Start of EXERCISE MATERIAL
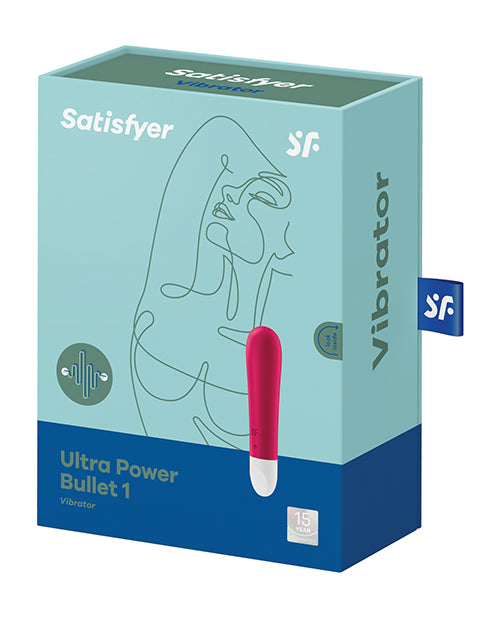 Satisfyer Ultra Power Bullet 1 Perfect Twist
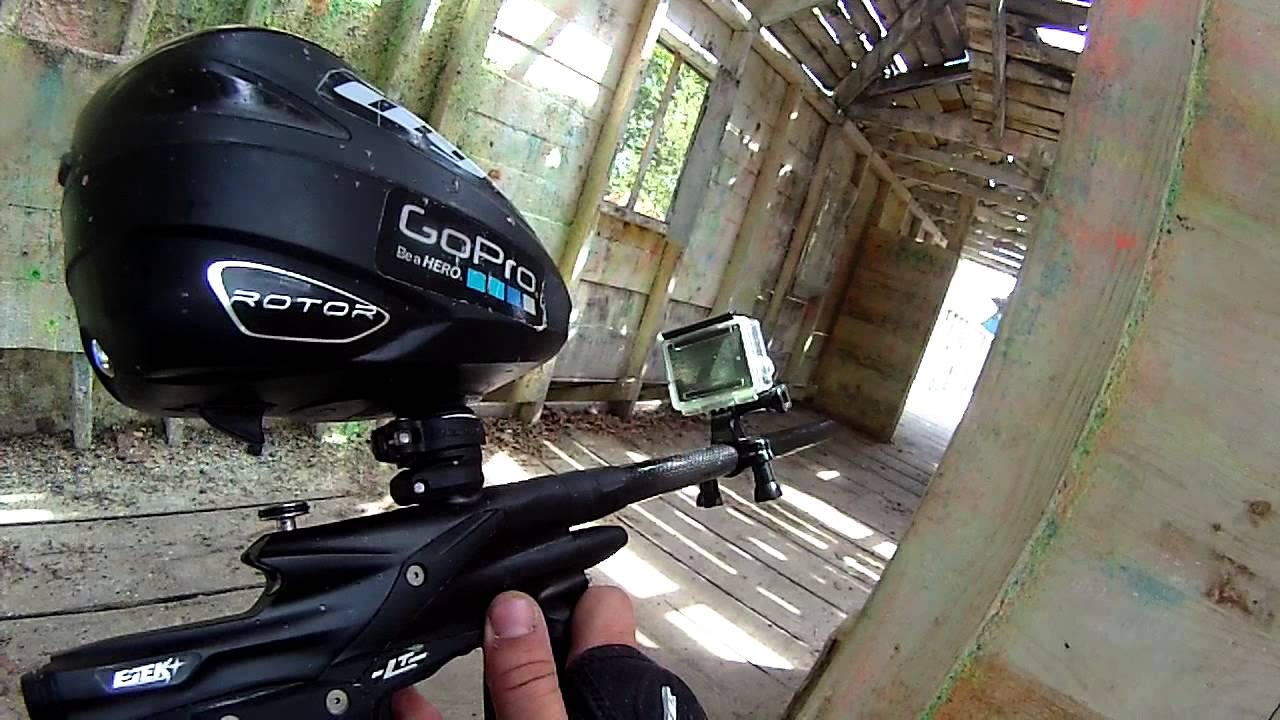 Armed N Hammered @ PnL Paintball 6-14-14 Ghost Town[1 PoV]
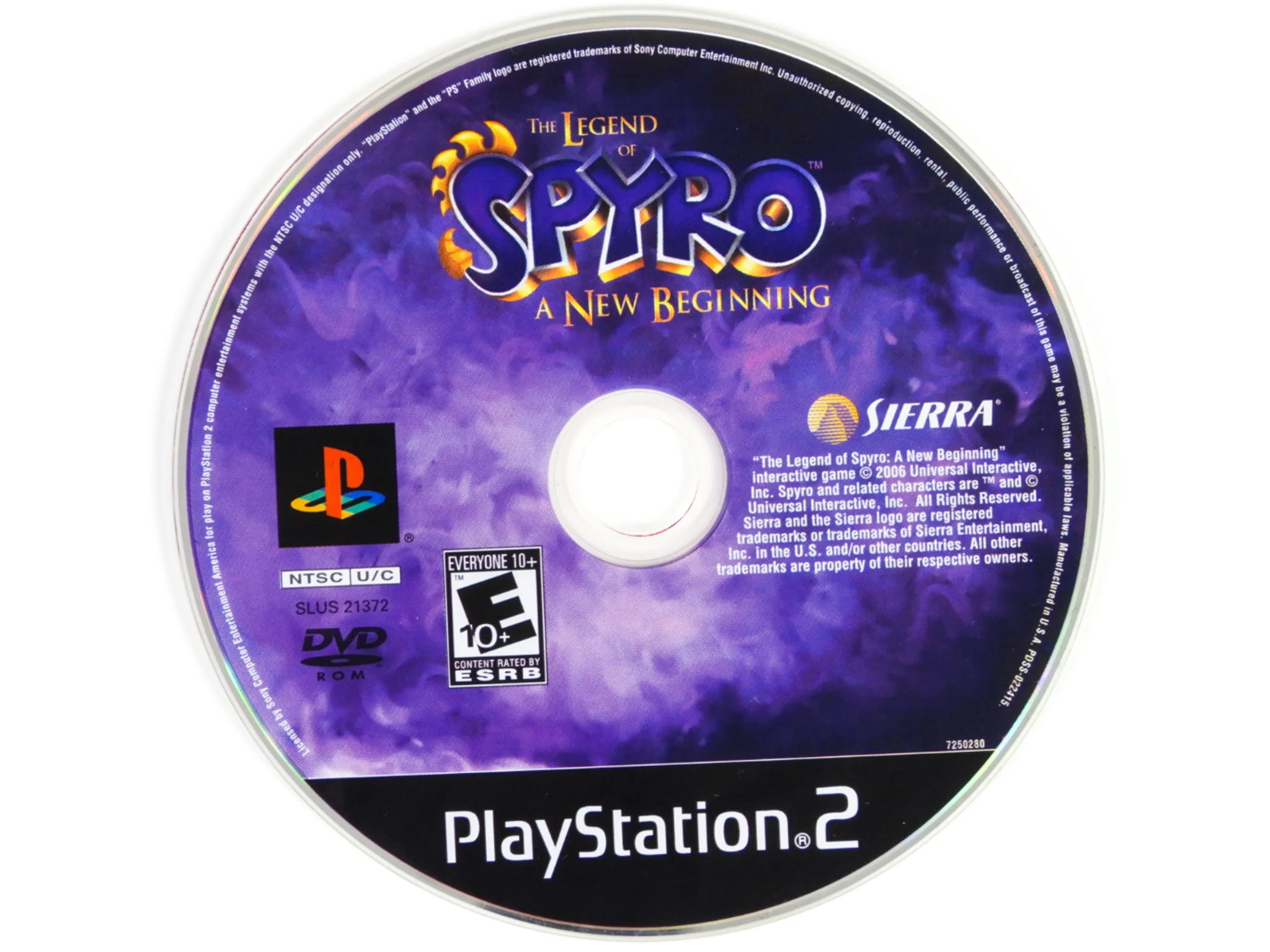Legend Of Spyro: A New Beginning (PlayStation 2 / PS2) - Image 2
End of EXERCISE MATERIAL
Start of EXERCISE MATERIAL
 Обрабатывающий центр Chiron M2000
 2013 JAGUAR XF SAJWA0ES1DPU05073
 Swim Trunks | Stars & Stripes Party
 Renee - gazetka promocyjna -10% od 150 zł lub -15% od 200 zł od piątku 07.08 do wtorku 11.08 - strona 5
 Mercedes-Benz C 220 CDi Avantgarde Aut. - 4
End of EXERCISE MATERIAL
Start of EXERCISE MATERIAL
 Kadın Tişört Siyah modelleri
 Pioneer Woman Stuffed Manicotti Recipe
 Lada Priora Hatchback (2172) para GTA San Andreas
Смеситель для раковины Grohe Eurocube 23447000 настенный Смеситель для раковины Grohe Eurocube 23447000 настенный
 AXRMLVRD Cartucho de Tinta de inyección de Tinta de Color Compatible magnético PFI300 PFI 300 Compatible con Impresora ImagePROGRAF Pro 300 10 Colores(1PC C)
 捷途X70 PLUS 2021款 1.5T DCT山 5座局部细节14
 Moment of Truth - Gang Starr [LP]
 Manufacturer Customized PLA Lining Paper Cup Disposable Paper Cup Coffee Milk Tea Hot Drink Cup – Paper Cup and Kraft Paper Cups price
End of EXERCISE MATERIAL
### INSTRUCTIONS FOR THE TASK:
Reproduce exactly the section above that begins at the line containing "Lada Priora Hatchback" and ends at the line containing "Manufacturer Customized PLA", leaving out all other lines.

### TASK RESPONSE:
 Lada Priora Hatchback (2172) para GTA San Andreas
Смеситель для раковины Grohe Eurocube 23447000 настенный Смеситель для раковины Grohe Eurocube 23447000 настенный
 AXRMLVRD Cartucho de Tinta de inyección de Tinta de Color Compatible magnético PFI300 PFI 300 Compatible con Impresora ImagePROGRAF Pro 300 10 Colores(1PC C)
 捷途X70 PLUS 2021款 1.5T DCT山 5座局部细节14
 Moment of Truth - Gang Starr [LP]
 Manufacturer Customized PLA Lining Paper Cup Disposable Paper Cup Coffee Milk Tea Hot Drink Cup – Paper Cup and Kraft Paper Cups price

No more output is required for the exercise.